> [About this exercise] Would you give back exactly the lines from the line with "Maped Creativ, Aqua" through the end of the entries below, both included, but none of the pictures?

[Items listed in a dataset]
· · ·

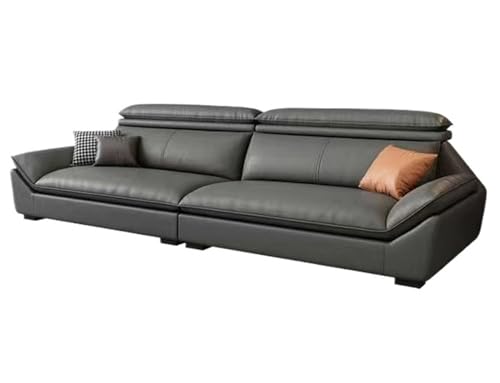 JINSHANLIANG SHKS Büro-, Heim- und Geschäftssofa, Multi-Sitzer, Ledersofa (270 x 95 x 90 cm) von JINSHANLIANG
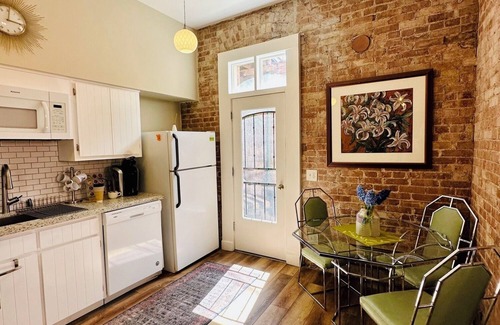 Bisbee House | Brownstone Patio Suite-Historic Building in the Heart of Historic Downtown Bisbee
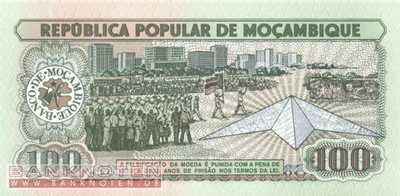 Mozambique - 100 Meticais (#130c_UNC)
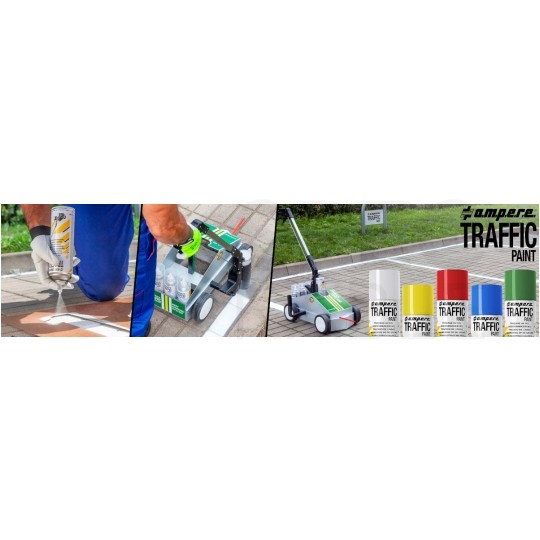 Wózek do malowania, znakowania linii, pasów od 3 do 10 cm AMPERE PERFEKT STRIPER
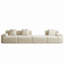 Canapé modulaire en velours côtelé de 114 po de style désossé avec structure structurée, trois coussins décoratifs, dossier plus large et quatre modules librement configurables.-428867234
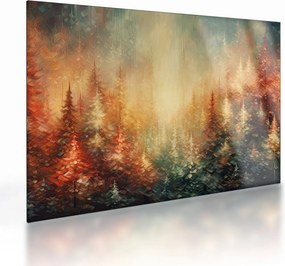 Tablou pe sticlă - Pictura de păduri (70x50 cm)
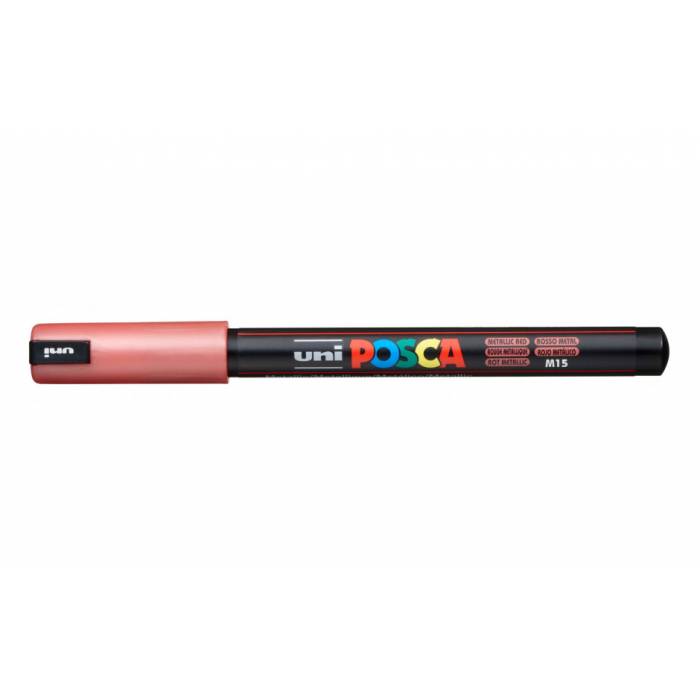 Uni Μαρκαδόρος Ζωγραφικής Posca PC-1MR M15 Metallic Red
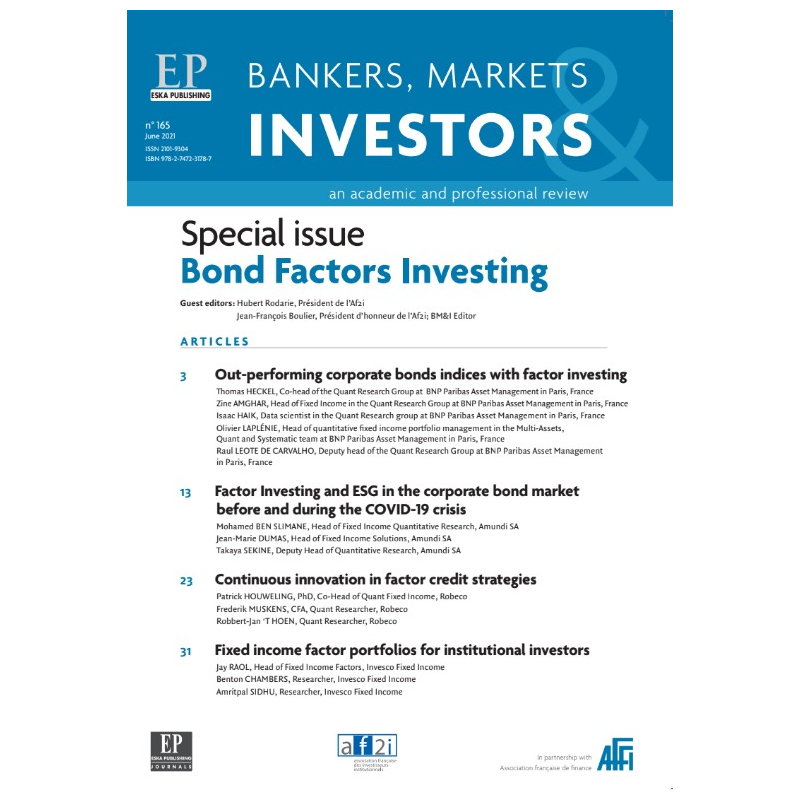 Bankers, Markets & Investors n° 165 – Juin 2021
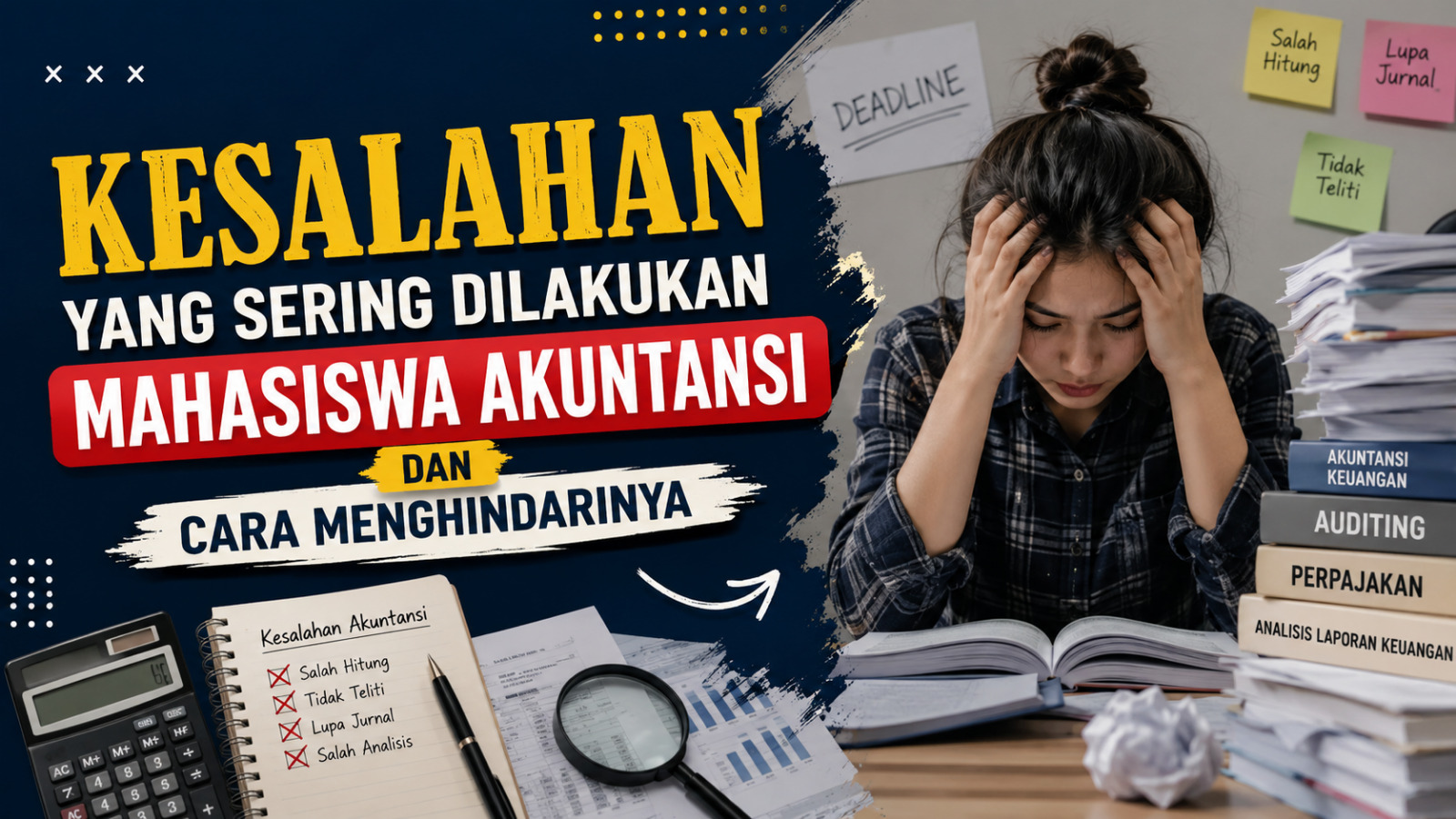 Kesalahan Yang Sering Dilakukan Mahasiswa Akuntansi Dan Cara Menghindarinya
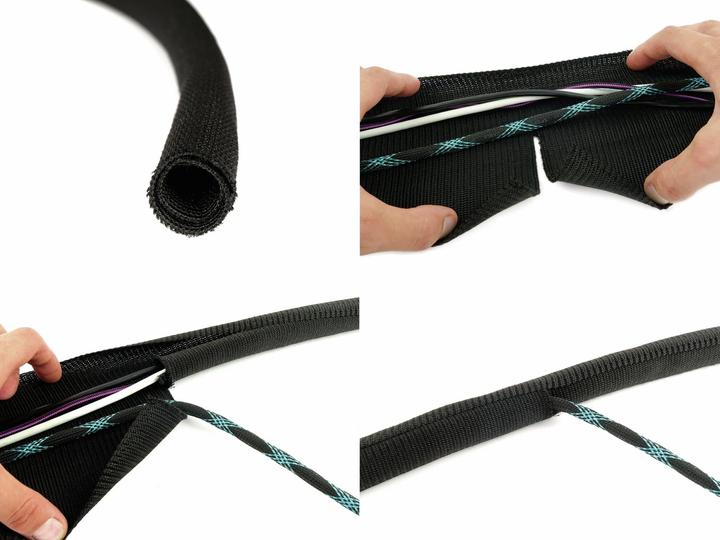 Immagine prodotto Label-the-cable Organizzatore di cavi bianco 1 pezzo (LTC 5120) (Tubo cavi, 200 cm)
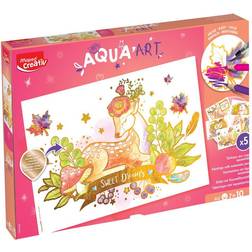 Maped Creativ, Aqua Art Maxi sæt. Sæt 5 ark, 18 aquablyanter og pensel! Bestillingsvare, 8-9 dages levering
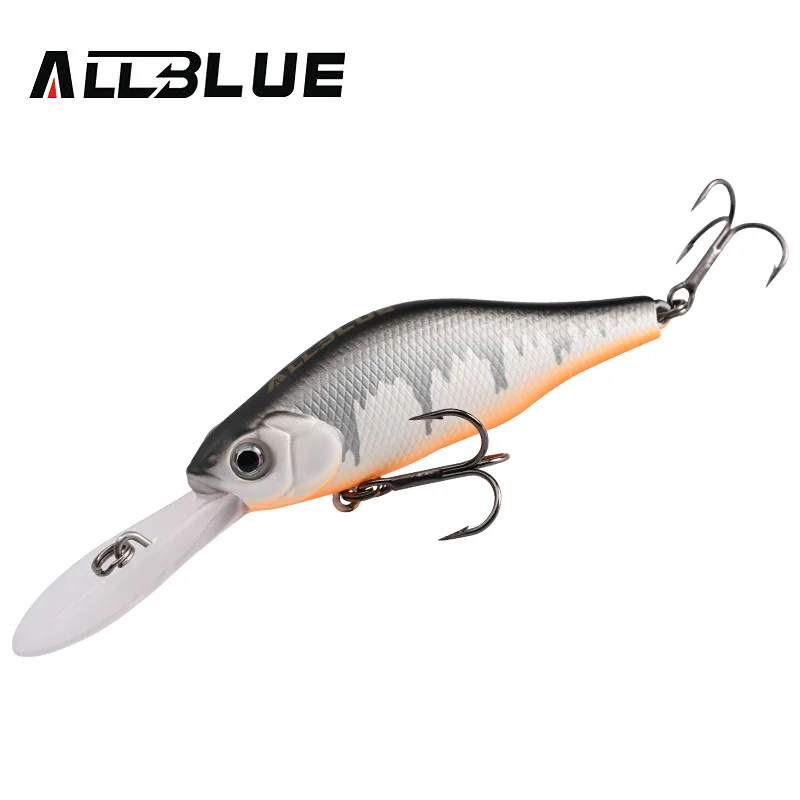 ALLBLUE HUNCH 70SP DR Professioneller Angelköder 70 mm 10 g Suspend Wobbler Minnow Tiefe 1,5-2 m Bass Pike Kunstköder Tackle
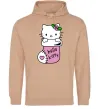 Чоловіча толстовка (худі) New Year Hello Kitty Пісочний фото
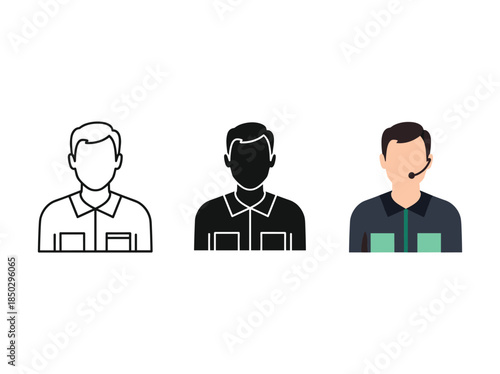 Customer service representatives illustration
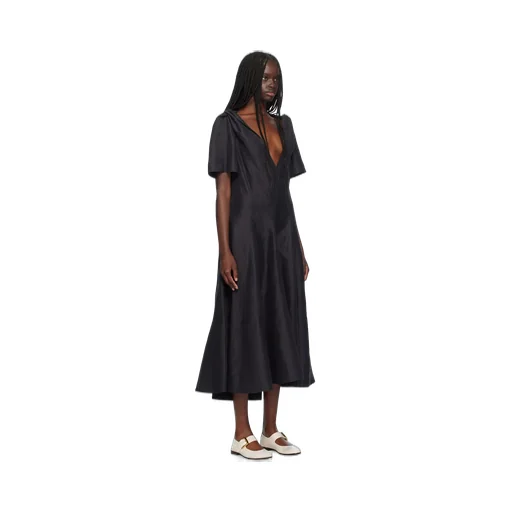 V-Neck Short-Sleeved Dress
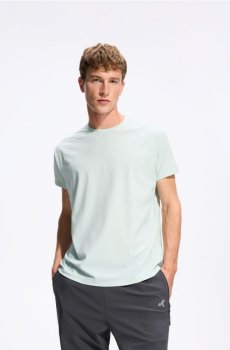 Reserved - Гладка футболка regular fit - блідо-зелений - 159LA-07X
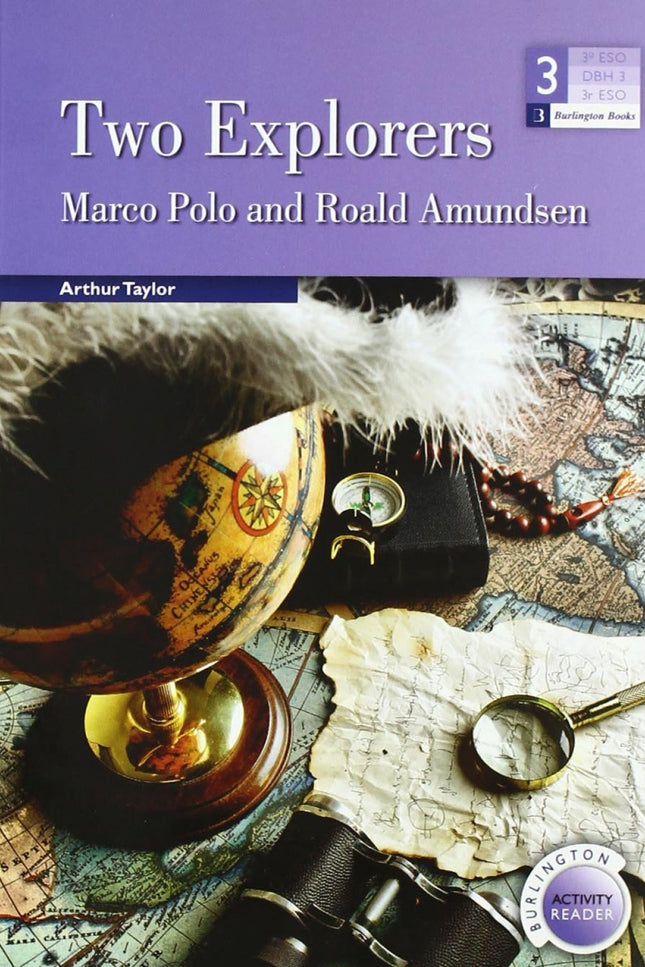 Libro Two Explorers - The Stories Of Marco Polo And Roald Amunsden: .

· · ·

> [Completed exercise]
 Maped Creativ, Aqua Art Maxi sæt. Sæt 5 ark, 18 aquablyanter og pensel! Bestillingsvare, 8-9 dages levering
 ALLBLUE HUNCH 70SP DR Professioneller Angelköder 70 mm 10 g Suspend Wobbler Minnow Tiefe 1,5-2 m Bass Pike Kunstköder Tackle
 Чоловіча толстовка (худі) New Year Hello Kitty Пісочний фото
 Customer service representatives illustration
 V-Neck Short-Sleeved Dress
 Reserved - Гладка футболка regular fit - блідо-зелений - 159LA-07X
 Libro Two Explorers - The Stories Of Marco Polo And Roald Amunsden: .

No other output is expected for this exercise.